• _WHAT TO WORK ON_
Give back every line of the data, transcribed exactly.

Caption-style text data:

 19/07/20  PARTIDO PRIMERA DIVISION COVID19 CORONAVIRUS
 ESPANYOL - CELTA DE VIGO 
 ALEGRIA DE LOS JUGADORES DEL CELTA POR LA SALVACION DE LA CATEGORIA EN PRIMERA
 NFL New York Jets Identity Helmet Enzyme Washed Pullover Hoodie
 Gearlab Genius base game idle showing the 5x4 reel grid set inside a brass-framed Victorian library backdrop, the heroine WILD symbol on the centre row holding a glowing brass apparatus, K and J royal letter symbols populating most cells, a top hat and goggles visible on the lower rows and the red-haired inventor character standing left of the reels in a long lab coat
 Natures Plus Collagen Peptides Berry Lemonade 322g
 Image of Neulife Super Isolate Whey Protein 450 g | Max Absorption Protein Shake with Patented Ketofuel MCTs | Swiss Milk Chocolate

• _REPLY TO THE EXERCISE_
 19/07/20  PARTIDO PRIMERA DIVISION COVID19 CORONAVIRUS
 ESPANYOL - CELTA DE VIGO 
 ALEGRIA DE LOS JUGADORES DEL CELTA POR LA SALVACION DE LA CATEGORIA EN PRIMERA
 NFL New York Jets Identity Helmet Enzyme Washed Pullover Hoodie
 Gearlab Genius base game idle showing the 5x4 reel grid set inside a brass-framed Victorian library backdrop, the heroine WILD symbol on the centre row holding a glowing brass apparatus, K and J royal letter symbols populating most cells, a top hat and goggles visible on the lower rows and the red-haired inventor character standing left of the reels in a long lab coat
 Natures Plus Collagen Peptides Berry Lemonade 322g
 Image of Neulife Super Isolate Whey Protein 450 g | Max Absorption Protein Shake with Patented Ketofuel MCTs | Swiss Milk Chocolate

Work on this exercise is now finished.